1. Your calculations are correct, except that there is no $$m_ec$$ term on both sides of momentum conservation (supposedly the electron is at rest both before and after the collision, so its momentum is zero). If it’s not obvious to you that the electron being at rest afterwards implies the smallest possible energy for the photon, give the electron an arbitrary final velocity and prove that it can only increase the energy of the photon (note that you don’t necessarily need to compute an exact answer for this). Other than that, yes, solve a quadratic equation for $$E_\gamma$$ and you get the exact answer, at least as long as you neglect relativistic corrections.

2. Note, though, that the mass of the nucleus is large compared to the other mass scale in the problem, $$E_b/c^2$$ ($$Mc^2$$ is several GeV or more—$$m_pc^2$$ being little less than a GeV for a single proton—while $$E_b$$ or $$E_\gamma$$ are a couple keV at most). We expect or at least feel that the second term in your last equation should be small compared to the first one, $$E_\gamma^2/2Mc^2 \ll E_b\,.$$

OK, so now we have an equation for $$E_\gamma$$ with the general structure $$E_\gamma = f(E_\gamma)\equiv\text{(constant)} +\text{(small term that depends on E_\gamma)}\,.$$ An equation of this form is called a fixed point equation because it says that the sequence $$E$$, $$f(E)$$, $$f(f(E))$$, etc. stays fixed when you pick $$E = E_\gamma$$.

There is a simple way to arrive at an approximate solution for such an equation: pick an initial approximation $$E^{(0)}_\gamma$$ and set $$E^{(1)}_\gamma = f(E^{(0)}_\gamma)$$, $$E^{(2)}_\gamma = f(E^{(1)}_\gamma)$$, etc. If the $$E^{(n)}_\gamma$$s converge somewhere, they’ll converge to a solution (because the difference between the LHS and the RHS will become smaller and smaller as $$n$$ increases); and they will converge if you’re lucky and picked a good initial $$E^{(0)}_\gamma$$.

In our case, the choice of initial approximation is obvious: set $$E^{(0)}_\gamma =\text{(constant)} = E_b$$. Then $$E^{(1)}_\gamma = E^\mathstrut_b + E_b^2/2Mc^2$$ is the approximate answer you wanted to obtain, and $$E^{(2)}_\gamma - E^{(1)}_\gamma = E_b^3/2(Mc^2)^2 + E_b^4/8(Mc^2)^3\approx E_b^3/2(Mc^2)^2$$ is a good guess as to the error of that answer.

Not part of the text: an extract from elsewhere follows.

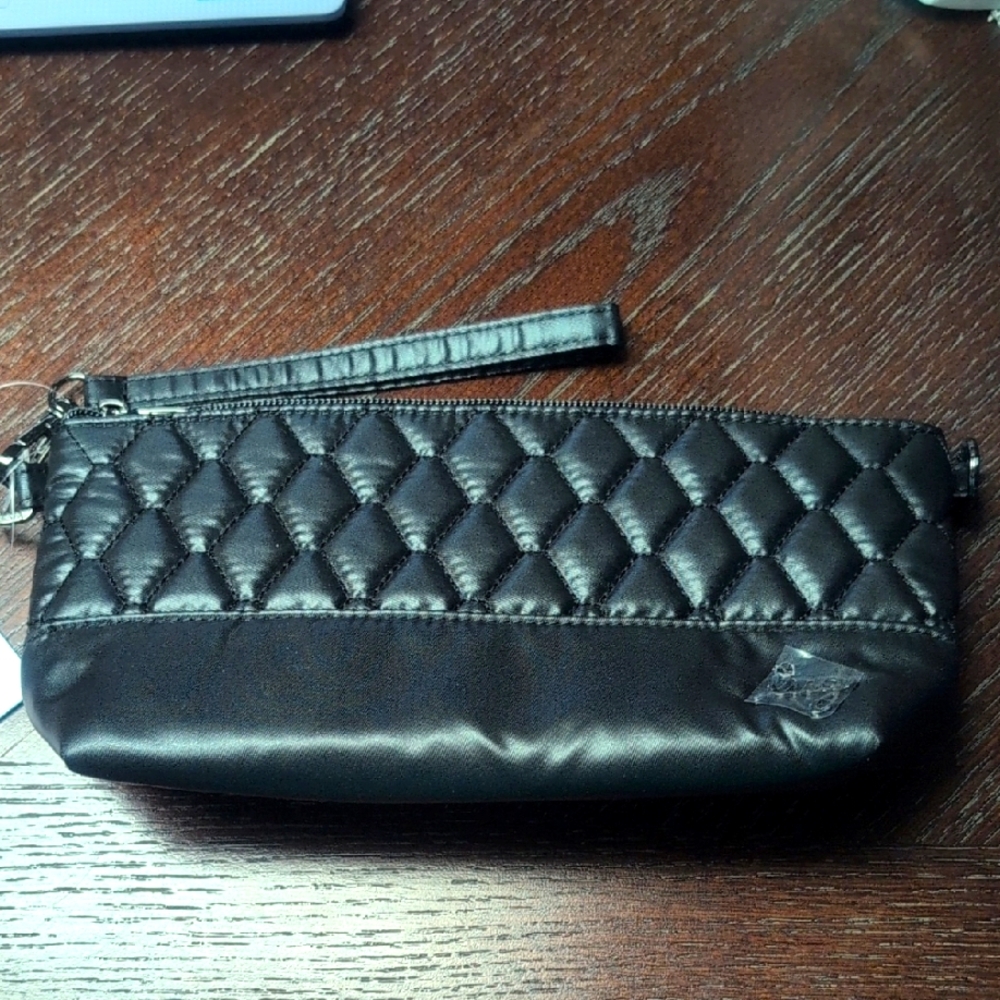 Brand New LugShiplap In Metallic Black!! Lug Black Quilted Wristlet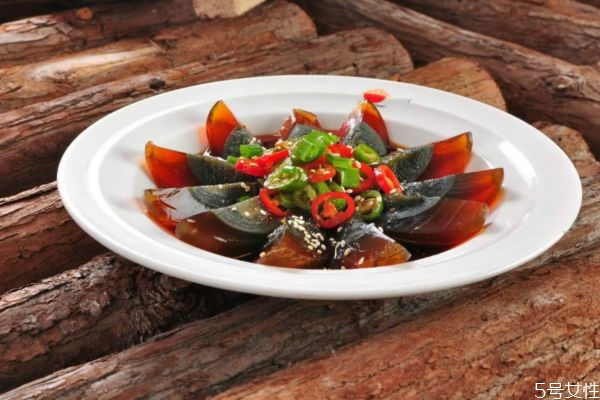 皮蛋凉拌怎么做,凉拌松花蛋的家常做法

3. Now all of that was unnecessary in this particular case, of course; we could have just as well solved the quadratic equation and approximated the solution (ignoring the root of order $$Mc^2$$ that makes no sense with the nonrelativistic equations you used): \begin{align} E_\gamma &{}= Mc^2 -\sqrt{(Mc^2)^2 - 2Mc^2E_b}\\ &{}= Mc^2\,\left(1 - [1 - 2E_b/Mc^2]^{1/2}\right)\\ &{}\stackrel{\text{(B)}}{=} Mc^2\,\Bigl(1 -\Bigl[1\\ &\qquad{}+ (1/1!)(1/2)(-2E_b/Mc^2) \\ &\qquad{}+ (1/2!)(1/2)(1/2-1)(-2E_b/Mc^2)^2 \\ &\qquad{}+ (1/3!)(1/2)(1/2-1)(1/2-2)(-2E_b/Mc^2)^3 +\cdots\Bigr]\Bigr)\\ &{}= Mc^2 - Mc^2 + E^\mathstrut_b + E_b^2/2Mc^2 + E_b^3/2(Mc^2)^2 +\cdots\\ &{}= E^\mathstrut_b + E_b^2/2Mc^2 + E_b^3/2(Mc^2)^2 +\cdots \end{align} Here, equality (B) uses the binomial formula for exponent $$1/2$$. Yes, it works for fractional exponents as well, except that you obtain a (potentially) infinite sum instead of a finite one.

4. You see that the result is the same (yay! math works!), but I think successive approximation is clearer. More importantly, it does not require you to find the exact solution, so it may be used when you can’t (which is most of the time). Also, finding an exact solution only to approximate it is a little bit silly (if sometimes necessary): the very point of approximate solutions is that they should be easier to find.